**What is needed**
Make an exact copy of the lines from the one containing "79 Village Circle, San" through the end of the records below, and leave out every picture.

**Recorded information**

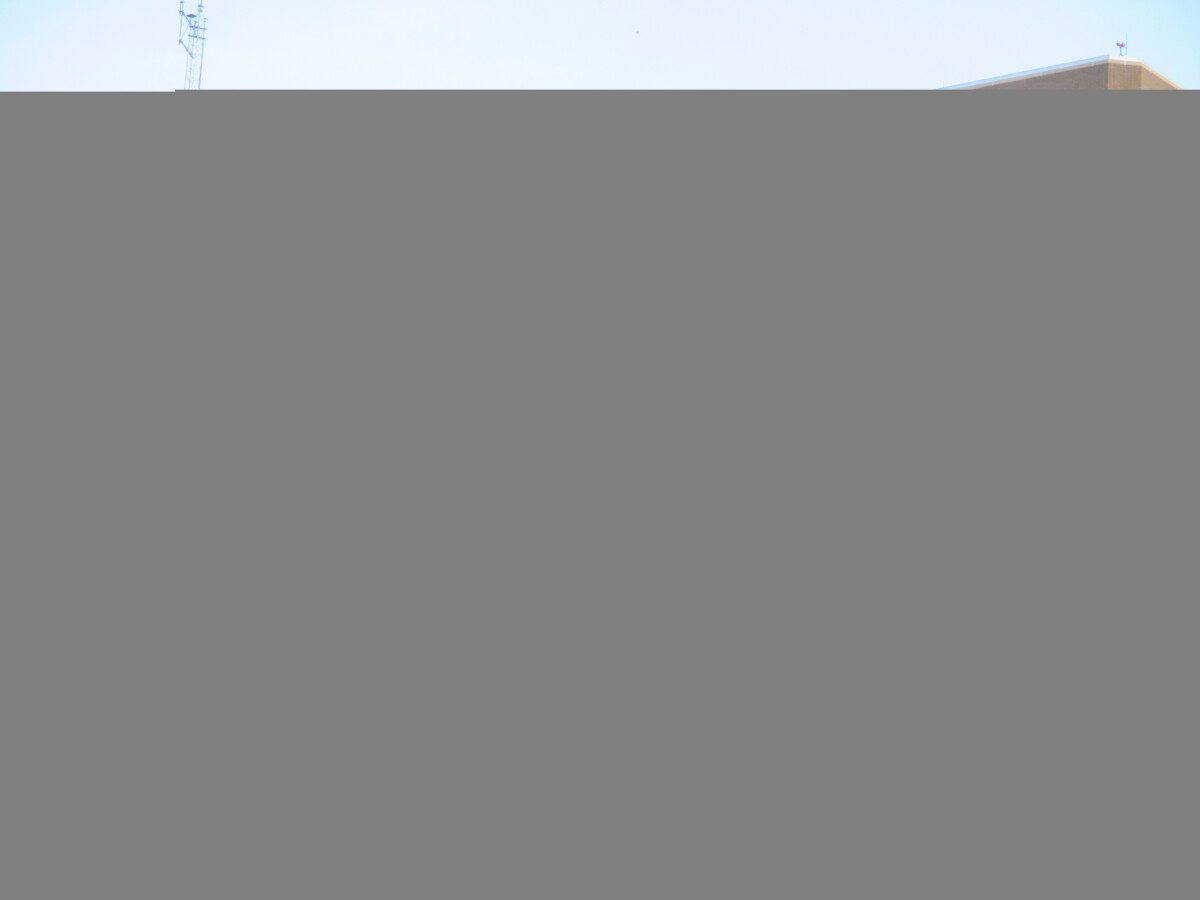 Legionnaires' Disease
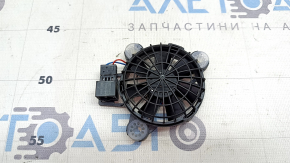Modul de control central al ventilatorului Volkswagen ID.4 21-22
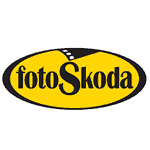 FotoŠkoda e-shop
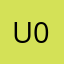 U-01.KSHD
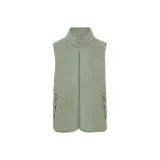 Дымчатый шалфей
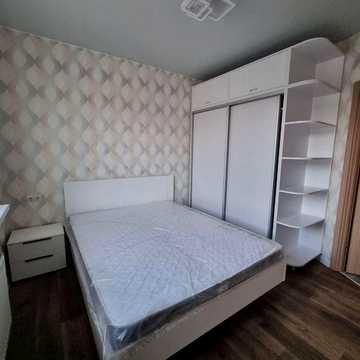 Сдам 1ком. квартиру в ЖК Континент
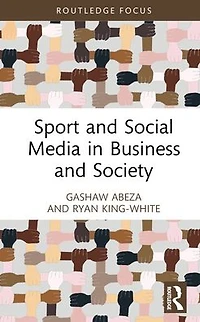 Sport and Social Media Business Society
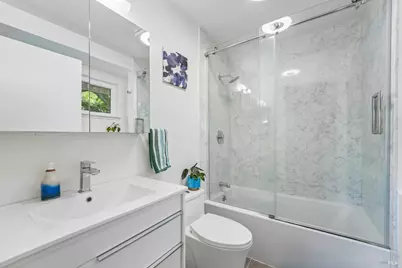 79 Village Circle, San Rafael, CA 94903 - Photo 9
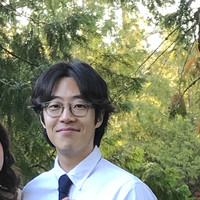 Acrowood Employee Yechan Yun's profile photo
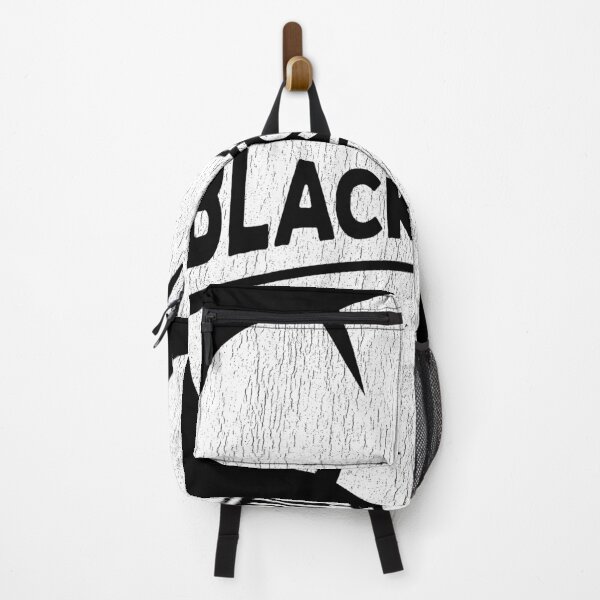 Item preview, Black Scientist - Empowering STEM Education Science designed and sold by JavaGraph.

**Output of the task**
 79 Village Circle, San Rafael, CA 94903 - Photo 9
 Acrowood Employee Yechan Yun's profile photo
 Item preview, Black Scientist - Empowering STEM Education Science designed and sold by JavaGraph.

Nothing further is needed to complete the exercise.